Magra consolazione per il popolo dei tartassati, la concessione del Governo per non esacerbare il clima Natalizio degli italiani è che non ci sarà l'arrivo di una cartella di Equitalia a rovinare il pranzo di Natale o il cenone di Capodanno. Ernesto Maria Ruffini amministratore delegato di Equitalia comunicha che ci sarà una “tregua” per le feste in cui verrà sospeso l'invio di cartelle e atti, con l'eccezione dei casi inderogabili, dal 24 dicembre al 6 gennaio. Un provvedimento, come rilevano dalla società, che coinvolgerebbe centinaia di migliaia di famiglie e imprese. Non sarà tuttavia un blocco totale in quanto, spiegano da Equitalia, ci sono atti cosiddetti inderogabili per i quali non può essere applicata nessuna sospensione. Una decisione che non ha precedenti nei dieci anni di storia della società pubblica partecipata da Agenzia delle Entrate e dall'Inps e che lo scorso anno ha riscosso 7,4 miliardi e che prevede, nel 2015, di sfiorare gli 8 miliardi.

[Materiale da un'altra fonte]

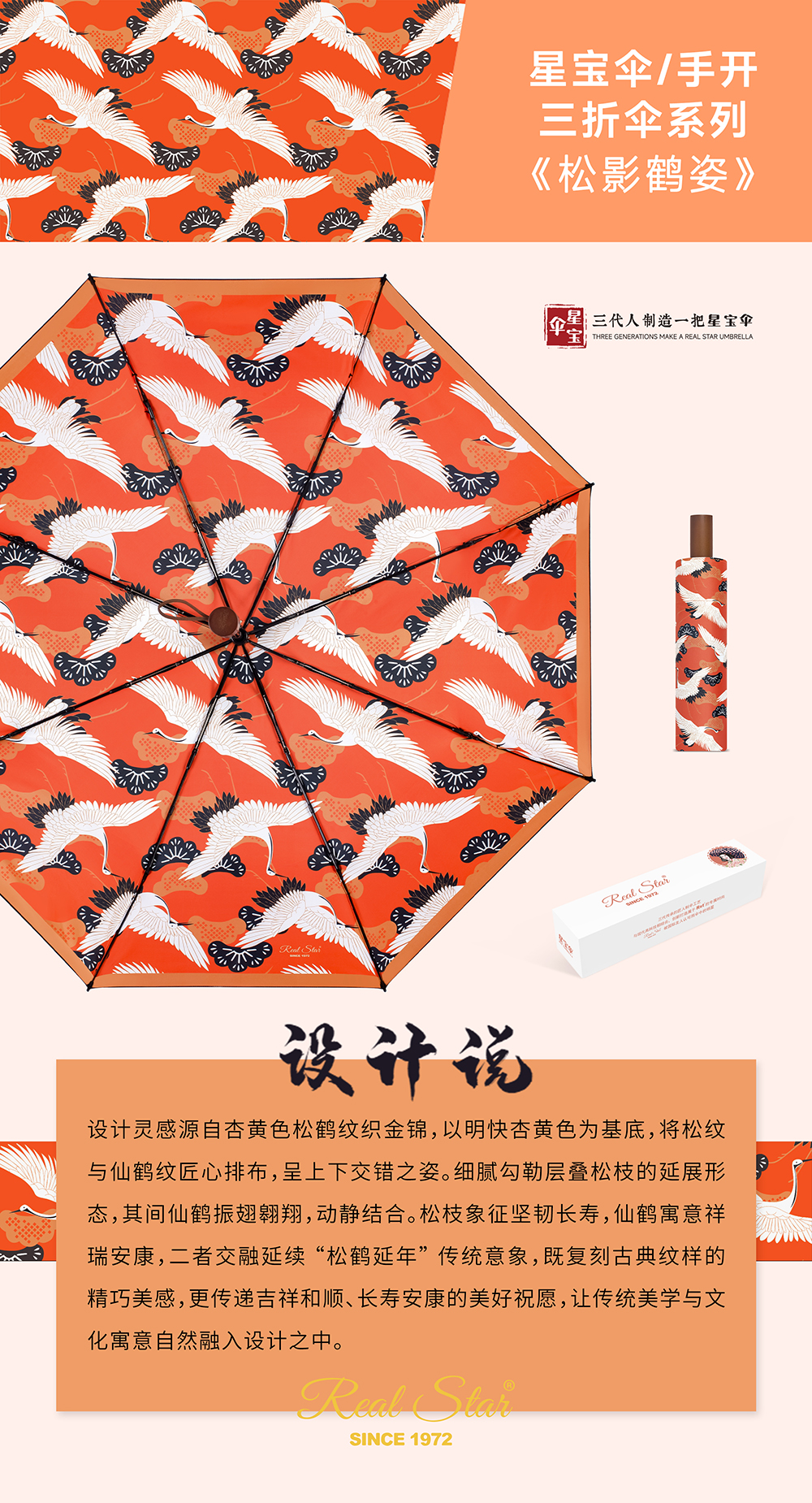 星宝伞3222国潮风来袭实木小手柄国潮图案优雅女士伞遮阳晴雨伞2用通用雨伞批发详情9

Non è dato comprendere la  funzione del provvedimento, chi è rincorso dai debiti non ha certo bisogno di pezzi di carta (cartelle) per averne contezza e non sono 10 giorni di “tregua” che sarebbe comunque fisiologica con il rallentamento della consegna dovuto alle interruzioni festive a sollevare lo stato d’animo del reo perseguitato! Dice Ernesto Maria Ruffini: “Equitalia vuole essere dalla parte degli italiani, non contro, la sospensione è un atto di attenzione verso imprese e famiglie con cui stringere un nuovo Patto perché il recupero dei crediti e dell'evasione sono fondamentali, così come lo è poter avere gli italiani al proprio fianco”.


Nella realtà, la sospensione, tolti gli atti brucianti per notifica, è ordinata principalmente per far rientrare i circa 300mila atti settimanali (questo il numero medio delle notifiche di Equitalia) nella nuova procedura di notifica e prevede l’uso della mail certificata. Dunque uno stop diventa fisiologico per allinearsi e cercare di sottrarre il maggior numero possibile all’impugnativa per “vizio di notifica”. La motivazione da parte di Equitalia, invece è un’altra, e cioè che grazie alle nuove norme approvate dal governo, dal prossimo anno sarà introdotto l'obbligo per le società di usare la mail certificata per ricevere atti e cartelle, mentre per i cittadini sarà necessaria una richiesta diretta. Questo consentirà di semplificare procedure e burocrazia e diminuire la massa di atti inviati per posta. Una misura che si accompagna con l'altra novità introdotta da ottobre, grazie alla quale rateizzare il debito con Equitalia è più facile. “Ad oggi circa la metà dei debiti dei contribuenti vengono pagati attraverso lo strumento della rateizzazione per poco più di 30 miliardi di euro. A testimoniare che è possibile trovare soluzioni positive per tutti, e in particolare per chi ha difficoltà. Tra poche settimane sarà possibile eseguire tutte le operazioni attraverso il sito istituzionale di Equitalia, così come saranno meno complesse procedure e passaggi amministrativi. Tutto per rendere più facile dialogare con i cittadini e rendere più semplice sanare le singole posizioni”. In realtà dietro “sarà più facile dialogare” si nasconde il meno nobile “non si scappa”. Sia chiaro, chi sbaglia deve pagare, e finalmente si è arrivati a un sistema di individuazione e di eliminazione di mezzi per perpetrare l’evasione, ma parlare di “concessione” e “fisco amico” significa mettere in condizione le persone che hanno sbagliato di poter redimersi senza essere annientati nelle loro capacità di poter concorrere col proprio lavoro al risarcimento del danno; ritardare di dieci giorni la consegna delle cartelle di Equitalia è solamente una inutile operazione di propaganda per chi il problema non lo sfiora neanche.